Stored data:
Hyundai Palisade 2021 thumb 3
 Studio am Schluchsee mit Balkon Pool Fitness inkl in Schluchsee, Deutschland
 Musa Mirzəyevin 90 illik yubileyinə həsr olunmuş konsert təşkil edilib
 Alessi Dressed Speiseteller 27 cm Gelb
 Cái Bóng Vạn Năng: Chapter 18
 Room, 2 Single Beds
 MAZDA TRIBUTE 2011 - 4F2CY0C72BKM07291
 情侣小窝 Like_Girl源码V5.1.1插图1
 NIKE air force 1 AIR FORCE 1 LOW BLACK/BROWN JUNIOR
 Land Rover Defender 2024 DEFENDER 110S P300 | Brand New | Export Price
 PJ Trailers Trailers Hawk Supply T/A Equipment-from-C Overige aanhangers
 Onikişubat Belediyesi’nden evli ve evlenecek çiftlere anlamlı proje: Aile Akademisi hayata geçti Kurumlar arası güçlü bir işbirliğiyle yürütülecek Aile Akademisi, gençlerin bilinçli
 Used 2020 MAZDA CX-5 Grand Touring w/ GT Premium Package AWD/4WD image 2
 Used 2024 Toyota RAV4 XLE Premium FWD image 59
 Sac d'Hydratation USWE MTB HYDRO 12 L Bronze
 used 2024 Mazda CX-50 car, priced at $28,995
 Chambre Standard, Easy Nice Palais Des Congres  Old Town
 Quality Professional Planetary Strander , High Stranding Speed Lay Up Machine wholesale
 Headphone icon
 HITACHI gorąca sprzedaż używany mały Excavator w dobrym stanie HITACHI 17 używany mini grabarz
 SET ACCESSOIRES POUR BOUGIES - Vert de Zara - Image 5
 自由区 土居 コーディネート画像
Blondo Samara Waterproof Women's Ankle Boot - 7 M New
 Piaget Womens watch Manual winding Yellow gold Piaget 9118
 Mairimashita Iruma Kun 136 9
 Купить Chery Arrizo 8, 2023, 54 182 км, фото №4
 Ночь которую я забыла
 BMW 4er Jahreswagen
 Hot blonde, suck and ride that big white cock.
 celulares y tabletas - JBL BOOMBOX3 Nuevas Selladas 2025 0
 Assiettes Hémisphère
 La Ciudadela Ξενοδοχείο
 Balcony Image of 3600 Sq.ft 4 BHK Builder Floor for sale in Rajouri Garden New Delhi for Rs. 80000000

Prompt:
Give back exactly the lines above starting at the line where "NIKE air force" appears and ending at the line where "used 2024 Mazda CX-50 car, priced at $28,995" appears, both included, with no other lines.

Final answer:
 NIKE air force 1 AIR FORCE 1 LOW BLACK/BROWN JUNIOR
 Land Rover Defender 2024 DEFENDER 110S P300 | Brand New | Export Price
 PJ Trailers Trailers Hawk Supply T/A Equipment-from-C Overige aanhangers
 Onikişubat Belediyesi’nden evli ve evlenecek çiftlere anlamlı proje: Aile Akademisi hayata geçti Kurumlar arası güçlü bir işbirliğiyle yürütülecek Aile Akademisi, gençlerin bilinçli
 Used 2020 MAZDA CX-5 Grand Touring w/ GT Premium Package AWD/4WD image 2
 Used 2024 Toyota RAV4 XLE Premium FWD image 59
 Sac d'Hydratation USWE MTB HYDRO 12 L Bronze
 used 2024 Mazda CX-50 car, priced at $28,995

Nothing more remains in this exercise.